Wstęp
Kraków, Górka Kościelnicka – Kraków, Przylasek Rusiecki (10 km)
Drogą przy plebanii zjeżdżamy do ulicy Józefa Sawy-Calińskiego, tam odbijamy w prawo i główną ulicą podążamy do Kościelnik. Po kilku minutach jazdy wśród małych drewnianych oraz murowanych domków naszym oczom ukazuje się potężna bryła kościelnickiego pałacu Wodzickich. Wspaniały barokowy budynek, ufundowany u progu XVIII wieku przez Stefana Morstina według projektu Józefa Pioli, a pod koniec tegoż stulecia przebudowany przez Eliasza Wodzickiego w duchu klasycyzmu, był częścią imponującego założenia, w ramach którego, oprócz pałacu, mieściły się oficyny, budynek bramny, kaplica, a także piękny geometryczny ogród z terasami, później przekształcony w ogród angielski o swobodniejszym charakterze. Obecnie pałac niszczeje, choć w niczym nie ujmuje mu to majestatu. Objeżdżamy pałac od prawej strony ulicą Andrzeja Stopki i meldujemy się w centrum Kościelnik, przyłączonych do Krakowa podobnie jak Łuczanowice w 1973 roku. Ulicami Pysocice i Narcyza Wiatra, wzdłuż zamglonych Błoń Kościelnickich, na których polują pustułki i myszołowy, docieramy do Wyciąż, mających identyczną historię jak sąsiednie osiedla. Przekraczamy ruchliwą szosę prowadzącą w stronę Sandomierza i ulicą Wyciąską posuwamy się w głąb Wyciąż, mijając drewniane chałupy, a następnie skręcamy w prawo, w ulicę Romana Prawocheńskiego, i obok ładnego budynku szkoły (lekki podjazd) wyjeżdżamy wąską drogą wśród łąk i pól (można tu spotkać sarny, lisy i dziki). Docieramy do ulicy Rzepakowej, którą w prawo mkniemy w kierunku Przylasku Rusieckiego. Po chwili jesteśmy już nad rozległymi stawami, rozciągającymi się po obu stronach wąskiej ulicy Karasiówka.

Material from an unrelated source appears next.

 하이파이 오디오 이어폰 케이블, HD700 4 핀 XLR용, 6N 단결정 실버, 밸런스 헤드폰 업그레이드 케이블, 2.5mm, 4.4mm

Zbiorniki wodne powstały w latach 60. XX wieku po zalaniu żwirowni, która prowadziła tu wydobycie kruszywa. Jest ich czternaście. Na największym z nich urządzono kąpielisko, z pozostałych korzystają wędkarze. Warto niespiesznie przejechać się groblami i ścieżkami między stawami, przysiąść nad wodą i spróbować dostrzec żerujące tu ptaki, od perkozów i łysek po czaple. Stawy w Przylasku Rusieckim znajdują się blisko Wisły. Oddziela je od niej jedynie wał przeciwpowodziowy, przy którym stoi kilka drobnych drewnianych domów, tworzących Kępę Grabską. Na nadwiślańskich łąkach można spotkać sarny, bażanty i zające. Z wału widać most kolejowy na trasie do Podłęża i zabudowania Podgrabia, najbardziej na zachód wysuniętej dzielnicy Niepołomic.